Experts have a narrow, deep view while CEOs have a wide, shallow view.
If the expert works in a lab developing new experimental solar panels they probably don’t see a clear path to mass production.
The CEO might know another manufacturing expert that does see a path to production and have enough high level understanding to know the methods are compatible.
In this case yes, but in this case we have to assume the research side has achieved it's goal (its proven a material exists with the desired properties), now it is a manufacturing problem. If the lab can't produce the material, the manufacturing lines have nothing to manufacture with. And that seems to be the case with FSD. CEOs make wild claims, but the tech isn't there. The material has not been proven to exist in a lab with the desired properties.
Like a CEO saying, I have a material that can protect wearers from nuclear fusion blasts and it will be on the market in 6 months, but the experts in the field have yet to actually prove that material exists and create it in a lab.
But the point is that we are all equally capable of being wrong. Especially when we step outside our area of expertise. CEOs are just another type of expert but their domain is organization. We have to consider the source’s experience relative to the domain in question before we can decide if their prediction is trustworthy.
Both might be equally capable but the incentives are entirely different. An Engineer is motivated to deliver accurate predictions because that's their job. A CEO is not motivated to deliver accurate predictions because their main job is to hype their product and services.

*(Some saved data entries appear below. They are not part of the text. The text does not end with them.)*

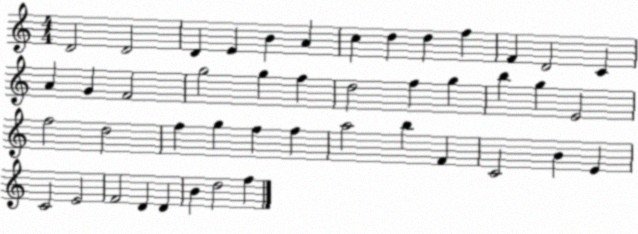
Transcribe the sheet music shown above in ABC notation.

X:1
T:Untitled
M:4/4
L:1/4
K:C
D2 D2 D E B A c d d f F D2 C A G F2 g2 g f d2 f g b g E2 f2 d2 f g f f a2 b F C2 B E C2 E2 F2 D D B d2 f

In this case the actual CEO we all know we're talking about is a serial confabulist who publicly agrees with anti semitic conspiracy theories and tells his advertisers to go fuck themselves, so your abstract hypothetical arguments generously giving some unspecified billionaire CEO the benefit of the doubt don't hold any water.
He also does dubiously claim to be an expert in many fields, although despite the success of the engineers working for him, his greatest personal expertise appears to be sycophant creation — competence can only propel one so far.
Although one should never believe the ravings, useful work does surprisingly often nucleate around them, just not to the degree or with the speed promised.